<ゲスト>MUSIC CAMP 代表取締役 宮田 信さん
--たしかに、ファッションの世界でも、いろんなテイストがごちゃ混ぜになっています。アイテムとしては、クラシカルなテーラードジャケットだけど、着こなしはモダンテイストだったり。いろんな業界において、ミックスのカタチが新しいモノを作っていくのかなと思います。だからこそ、私はいちいちそのルーツが知りたくなるんです。この洋服の何ステッチがどうこうという蘊蓄でなく、人間がどういう過程でどういう文化が産まれて、どんな生活様式で、こういう形のものを着るようになったとか。そういう成り立ちの背景のようなものが知りたいんです。
宮田:僕も俗にいう、ワールドミュージックとか民族音楽というものに興味があるわけではないんです。力を入れているもののひとつに、ロサンゼルスのチカーノ系(メキシコ系アメリカ人)音楽がありますが、彼らのフォークアート的な感覚はヒップホップやギャング系ファッションにも影響を与えているんです。うちが得意にしているのは主にアメリカでエスニシティな背景を持ちながら、ロックやヒップホップのアティテュードで作ったものにインドやラテンのテイストが入ったり。ベースがしっかりしているからこそ、ミックスされたときにはまた違った魅力を奏でるんです。
「ムラートス」オマール・ソーサ ¥2,730
ヨーロッパで絶大な人気を誇るキューバ系のピアニスト。先日、青山のブルーノートで公演を終えたばかり。ヨーロッパと北アフリカの感覚を取り入れてた最先端ジャズ。
--私はずっとギターが好きで、実は学生時代にちょっとバンドをやっていた時期がありまして。ややハード、フォーク、クラシックとはまる周期はあるんですが、アコースティックギターはいまでも家でよく弾いています。休みも取れないし、旅行にも行けないので、気を紛らわすってとこもあるんですが。下手なりに自分で弾くってところが、聴くのとまた違っていい。
宮田:自分で弾くのっていいですよね。僕は音楽以外の趣味を持つようにしているんですよ。自転車、大好きです。メカ的でなく、自転車で街を放浪するのが好きなんです。自転車をブラブラこいでいると仕事から離れて、何もかも違う感覚になれるところが最高ですね。
--そういう余裕が大事ですよね。いまは便利な道具は増えたはいいが、かえって忙しくなっている。だから休むと罪悪感を感じちゃうんですよね。

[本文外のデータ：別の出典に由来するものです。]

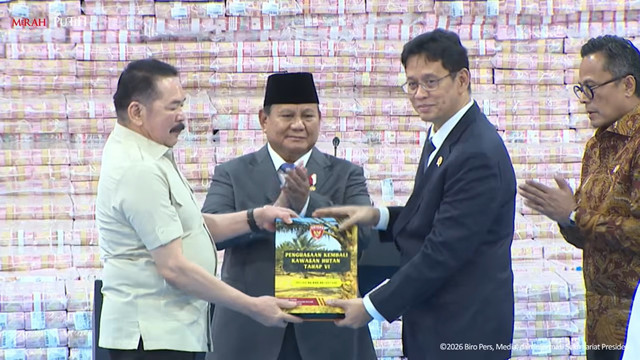 Presiden Prabowo Subianto pimpin acara Penyerahan Denda Administratif dan Penyelamatan Keuangan Negara di Kejaksaan Agung, Jakarta, (10/4/2026). Foto: YouTube/ Sekretariat Presiden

例えば2日間絶対仕事するのやめようとすると、これでいいかなってずっと考えちゃって、逆に疲れてきちゃうんです。会社戻った方がラクなんですよ。根本的に日本人気質。洋服やっていると、イタリア人と交流することが多いじゃないですか。イタリア人の感覚っていうのはうらやましいですよ。どんなに納期を早くしてほしくても、絶対8月は仕事しないですからね。世界中から要求されても、絶対仕事しない。1か月間。
宮田:考えられないですよね。
--だからこそイタリア人は日本人が発想できないような、遊び心のある、おもしろい服を考える。日本人が考える服っていうのは、技術はすごいんですけど、遊びがないんですよね。遊ぶと変にアバンギャルドになっちゃったりするんですよ。
宮田:わかりますよ。イタリアの音楽もそうですもん。メロディーが最高に美しいですから。量じゃなくて質で生きてる世界ですからね。うらやましいですね。ちょっとね、時間の余裕というか、心の余裕があると活動がすごく楽になる。
--それはありますね。最近僕は、何に対しても罪悪感を感じてると自分の感性が落ちてきちゃう気がして。だから自分に1時間でも2時間でも時間を作って、感性が豊かになるような行動をするようにしてるんですよ。そうすることによって、いろんなビジネスも新しいアイディアが出てくるし、プラスになることもありますね。実は、将来的にやりたいことのひとつに「ライブハウス」があるんです。Tシャツの人もいれば、ビジネスマンがいたりとか。「こういう系統の人じゃなきゃダメ」みたいなのを一切なくして、それなりのスタンスを持ってる大人ならどんな雰囲気の人だろうが受け入れるみたいな。
宮田:日本人ってこう、同質を好むから、たとえばすごくいつもキメキメの人はすごくラフな人がいる集団の中に入りたがらない。その逆もあるし。いつもラフな人は「俺はこんなじゃねぇよ」っていうなんかあるじゃないですか。それが社交を邪魔して、すごくもったいないことしてるんじゃないかなかって思うんですよね。日本って社交って感覚がない。ライブハウス、いいですね。最近、大人が行ける店が少なくなったから、ぜひ実現してください。そのときは、いいアーティストを紹介しますよ。